Principle:Neuml Txtai Base Model Configuration
| Knowledge Sources | |
|---|---|
| Domains | Deep_Learning, Training, NLP |
| Last Updated | 2026-02-09 00:00 GMT |
Overview
Base model configuration is the process of selecting, loading, and optionally modifying a pretrained transformer model so that it is ready for fine-tuning on a downstream task. This includes choosing the correct model architecture for the task, applying quantization for memory-efficient training, and injecting parameter-efficient adapters such as LoRA.
Description
Fine-tuning begins with a pretrained checkpoint. The practitioner must make several configuration decisions:
- Architecture selection -- different tasks require different model heads. A text-classification task needs a sequence classification head, while a question-answering task needs a span-extraction head. The mapping from task string to
AutoModelclass determines which architecture is instantiated. - Label configuration -- for classification tasks, the model configuration must know the number of output labels so the classification head has the correct dimensionality.
- Quantization -- large models can be loaded in reduced precision (e.g., 4-bit via BitsAndBytes) to fit within GPU memory constraints. This trades a small amount of accuracy for a dramatic reduction in VRAM usage.
- LoRA adapter injection -- instead of updating all model parameters, a LoRA (Low-Rank Adaptation) adapter freezes the base weights and injects small trainable rank-decomposition matrices. This reduces the number of trainable parameters by orders of magnitude while preserving most of the model's capacity.
These decisions are interdependent: quantization is typically combined with LoRA (QLoRA pattern), and the choice of task determines both the model class and the LoRA task type.
Usage
Base model configuration is needed whenever a practitioner wants to:
- Fine-tune a pretrained model on a new classification, QA, generation, or seq2seq task.
- Train a very large model on limited GPU hardware using 4-bit quantization with LoRA adapters.
- Resume training from an existing (model, tokenizer) tuple produced by a prior training run.
- Switch between different task heads (e.g., moving from text classification to causal language modeling) while reusing the same pretrained backbone.
Theoretical Basis
The principle builds on transfer learning theory: a model pretrained on a large general corpus captures universal language representations that can be specialized for downstream tasks by replacing or adding a task-specific output head and fine-tuning on task-specific data.
Task-to-architecture mapping (pseudocode):
FUNCTION select_model(task, base_path, config, num_labels, quantization_config):
IF num_labels IS NOT None:
config.num_labels = num_labels
SWITCH task:
CASE "language-generation":
RETURN AutoModelForCausalLM.from_pretrained(base_path, config, quantization_config)
CASE "language-modeling":
RETURN AutoModelForMaskedLM.from_pretrained(base_path, config, quantization_config)

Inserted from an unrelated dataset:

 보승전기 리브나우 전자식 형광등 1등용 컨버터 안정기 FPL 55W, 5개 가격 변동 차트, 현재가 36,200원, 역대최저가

CASE "question-answering":
RETURN AutoModelForQuestionAnswering.from_pretrained(base_path, config, quantization_config)
CASE "sequence-sequence":
RETURN AutoModelForSeq2SeqLM.from_pretrained(base_path, config, quantization_config)
CASE "token-detection":
RETURN TokenDetection(MaskedLM(base_path), PreTraining(base_path), tokenizer)
DEFAULT: # "text-classification"
RETURN AutoModelForSequenceClassification.from_pretrained(base_path, config, quantization_config)

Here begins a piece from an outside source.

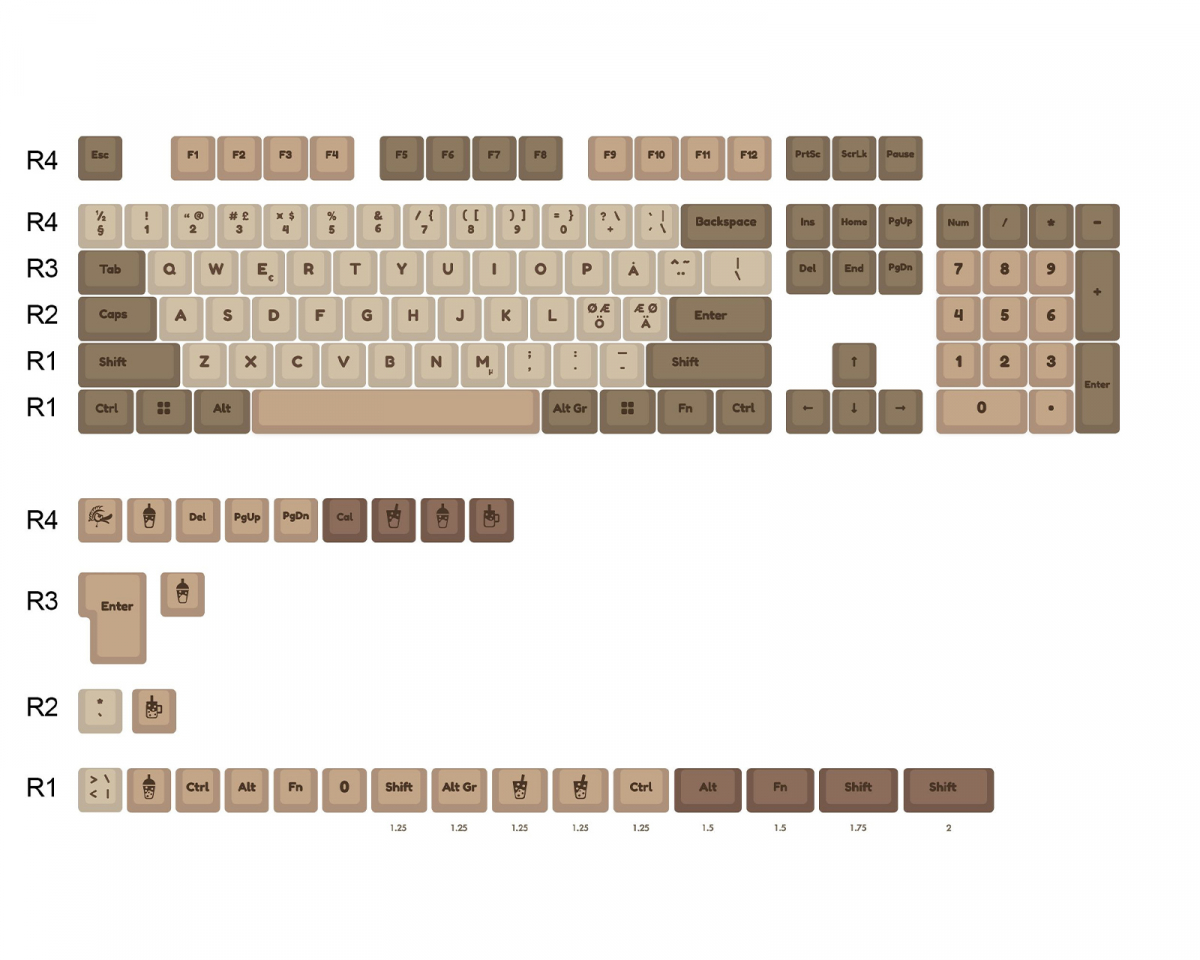 Boba Dye-Sub PBT Keycap Set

Quantization theory: Quantization maps 32-bit or 16-bit floating-point weights to lower-precision representations (8-bit, 4-bit). The NF4 (Normal Float 4-bit) data type, combined with double quantization, provides near-lossless compression for normally distributed transformer weights. When paired with LoRA, only the small adapter matrices are trained in full precision, while the frozen base weights remain in 4-bit form.
LoRA theory: For a pretrained weight matrix W of dimension d x k, LoRA decomposes the update as W + delta_W = W + B * A where B is d x r and A is r x k with r << min(d, k). This reduces the trainable parameter count from d * k to r * (d + k) while preserving the model's expressive power.